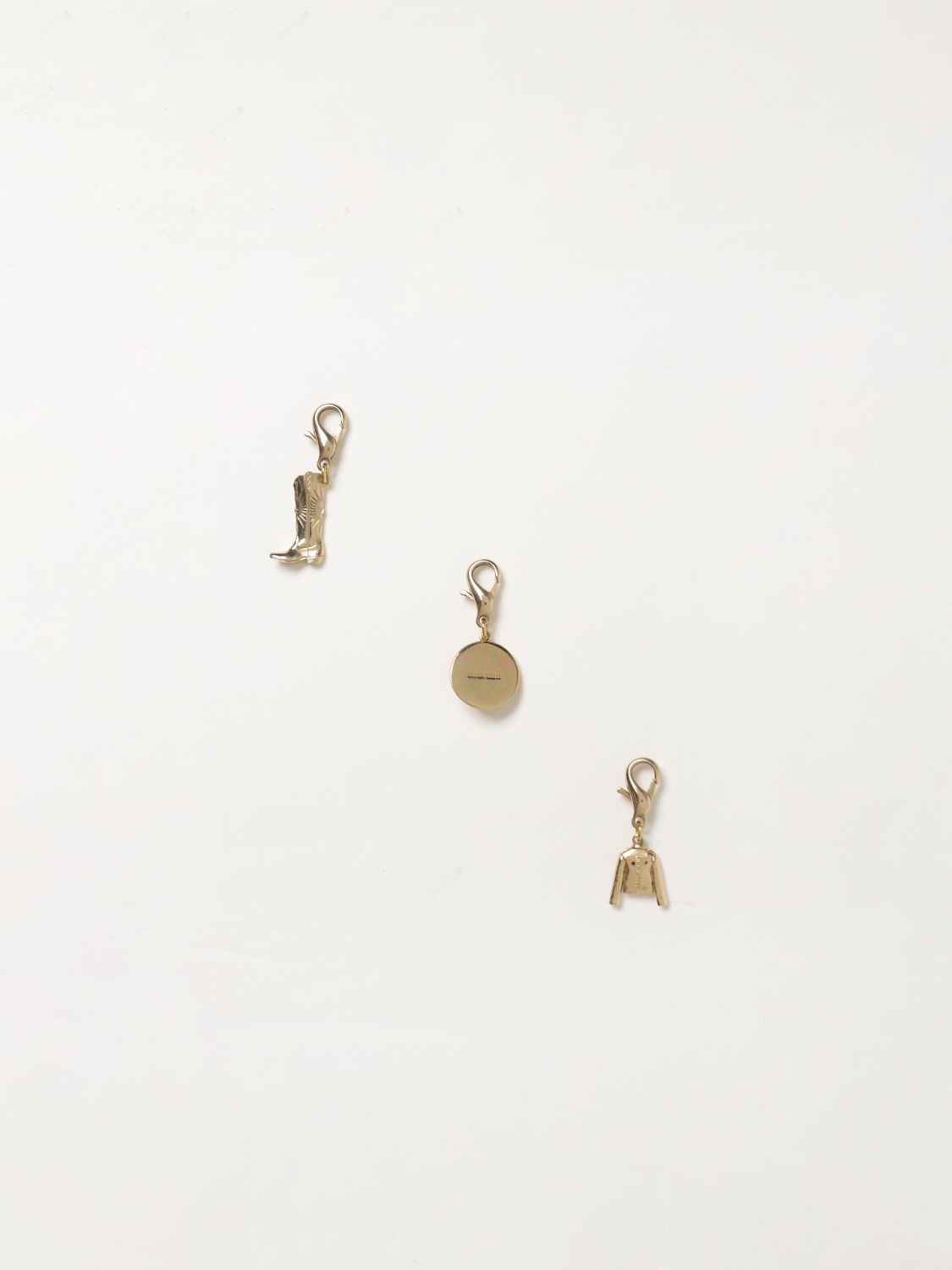 Golden Goose Golden Goose Jewel Woman Gold Size ONE SIZE - 3 Thumbnail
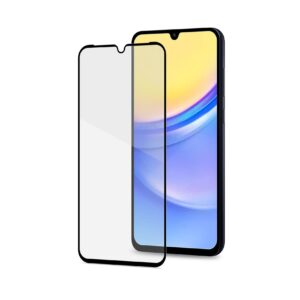 Proteggi Schermo Celly Full Glass per Samsung Galaxy A15 5G/4G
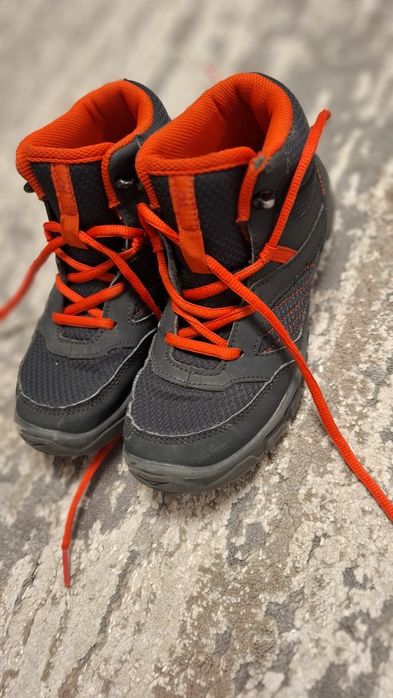 Ghete decathlon masura 34,5 in stare foarte bună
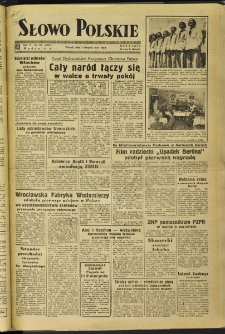 Słowo Polskie, 1950, nr 209 (1347)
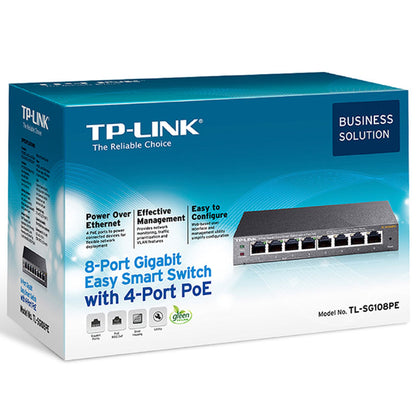 TP-Link TL-SG108PE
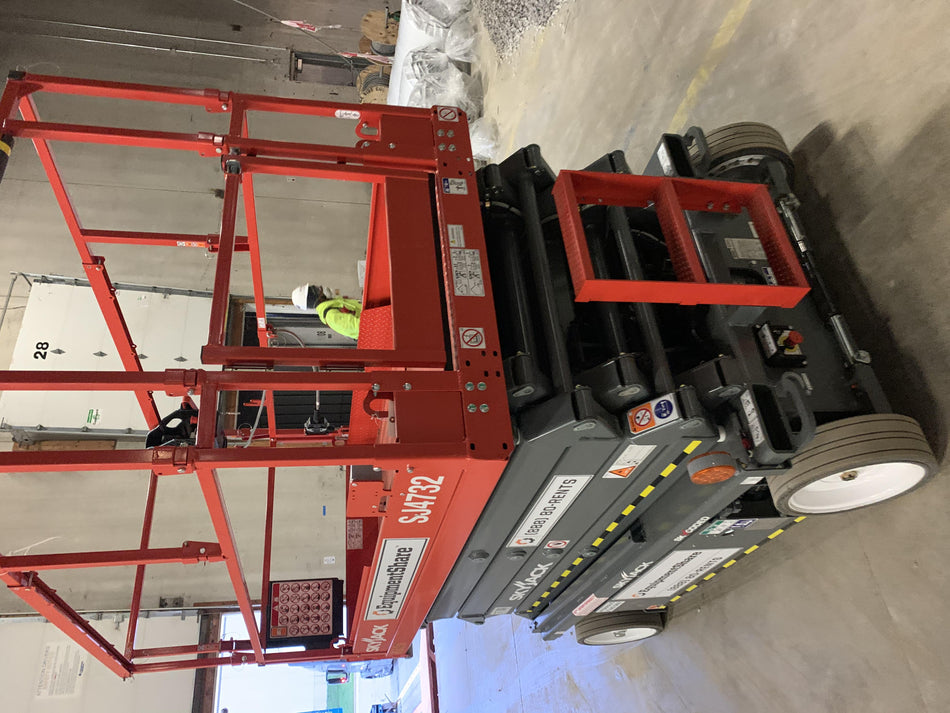 2021 SKYJACK SJ4732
****************************************
**Aim of the task**
Would you output the listing above verbatim, without its pictures?

**Written solution**
 Golden Goose Golden Goose Jewel Woman Gold Size ONE SIZE - 3 Thumbnail
 Proteggi Schermo Celly Full Glass per Samsung Galaxy A15 5G/4G
 Ghete decathlon masura 34,5 in stare foarte bună
 Słowo Polskie, 1950, nr 209 (1347)
 TP-Link TL-SG108PE
 2021 SKYJACK SJ4732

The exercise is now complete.